▶ **GIVEN RECORDS**:
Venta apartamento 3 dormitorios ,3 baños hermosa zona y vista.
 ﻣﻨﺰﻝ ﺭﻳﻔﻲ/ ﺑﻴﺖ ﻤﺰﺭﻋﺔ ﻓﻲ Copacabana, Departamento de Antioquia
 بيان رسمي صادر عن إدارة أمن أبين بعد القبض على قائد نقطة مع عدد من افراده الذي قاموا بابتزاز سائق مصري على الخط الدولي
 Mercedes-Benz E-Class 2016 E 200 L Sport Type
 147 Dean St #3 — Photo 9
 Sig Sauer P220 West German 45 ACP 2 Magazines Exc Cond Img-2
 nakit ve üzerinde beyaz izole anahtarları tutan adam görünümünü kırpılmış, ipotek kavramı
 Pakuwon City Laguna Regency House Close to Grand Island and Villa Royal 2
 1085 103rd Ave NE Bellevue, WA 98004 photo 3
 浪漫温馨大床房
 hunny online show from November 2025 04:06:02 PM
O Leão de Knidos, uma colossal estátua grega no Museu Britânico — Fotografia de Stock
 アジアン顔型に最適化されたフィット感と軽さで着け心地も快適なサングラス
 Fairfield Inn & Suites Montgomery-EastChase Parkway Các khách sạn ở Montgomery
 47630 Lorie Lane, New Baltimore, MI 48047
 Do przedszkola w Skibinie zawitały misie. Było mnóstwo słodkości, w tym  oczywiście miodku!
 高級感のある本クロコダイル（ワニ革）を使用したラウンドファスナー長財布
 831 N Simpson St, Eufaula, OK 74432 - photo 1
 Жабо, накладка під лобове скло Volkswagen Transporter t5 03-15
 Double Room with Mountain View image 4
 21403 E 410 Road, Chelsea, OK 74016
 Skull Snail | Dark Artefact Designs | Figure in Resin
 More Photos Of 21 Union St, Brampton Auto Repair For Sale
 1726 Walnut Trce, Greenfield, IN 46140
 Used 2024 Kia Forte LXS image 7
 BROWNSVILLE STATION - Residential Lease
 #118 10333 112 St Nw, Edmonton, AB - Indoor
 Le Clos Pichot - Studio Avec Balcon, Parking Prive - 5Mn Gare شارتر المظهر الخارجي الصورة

▶ **YOUR OBJECTIVE**:
Each of the entries must be set down exactly, none omitted.

▶ **TASK SOLUTION**:
Venta apartamento 3 dormitorios ,3 baños hermosa zona y vista.
 ﻣﻨﺰﻝ ﺭﻳﻔﻲ/ ﺑﻴﺖ ﻤﺰﺭﻋﺔ ﻓﻲ Copacabana, Departamento de Antioquia
 بيان رسمي صادر عن إدارة أمن أبين بعد القبض على قائد نقطة مع عدد من افراده الذي قاموا بابتزاز سائق مصري على الخط الدولي
 Mercedes-Benz E-Class 2016 E 200 L Sport Type
 147 Dean St #3 — Photo 9
 Sig Sauer P220 West German 45 ACP 2 Magazines Exc Cond Img-2
 nakit ve üzerinde beyaz izole anahtarları tutan adam görünümünü kırpılmış, ipotek kavramı
 Pakuwon City Laguna Regency House Close to Grand Island and Villa Royal 2
 1085 103rd Ave NE Bellevue, WA 98004 photo 3
 浪漫温馨大床房
 hunny online show from November 2025 04:06:02 PM
O Leão de Knidos, uma colossal estátua grega no Museu Britânico — Fotografia de Stock
 アジアン顔型に最適化されたフィット感と軽さで着け心地も快適なサングラス
 Fairfield Inn & Suites Montgomery-EastChase Parkway Các khách sạn ở Montgomery
 47630 Lorie Lane, New Baltimore, MI 48047
 Do przedszkola w Skibinie zawitały misie. Było mnóstwo słodkości, w tym  oczywiście miodku!
 高級感のある本クロコダイル（ワニ革）を使用したラウンドファスナー長財布
 831 N Simpson St, Eufaula, OK 74432 - photo 1
 Жабо, накладка під лобове скло Volkswagen Transporter t5 03-15
 Double Room with Mountain View image 4
 21403 E 410 Road, Chelsea, OK 74016
 Skull Snail | Dark Artefact Designs | Figure in Resin
 More Photos Of 21 Union St, Brampton Auto Repair For Sale
 1726 Walnut Trce, Greenfield, IN 46140
 Used 2024 Kia Forte LXS image 7
 BROWNSVILLE STATION - Residential Lease
 #118 10333 112 St Nw, Edmonton, AB - Indoor
 Le Clos Pichot - Studio Avec Balcon, Parking Prive - 5Mn Gare شارتر المظهر الخارجي الصورة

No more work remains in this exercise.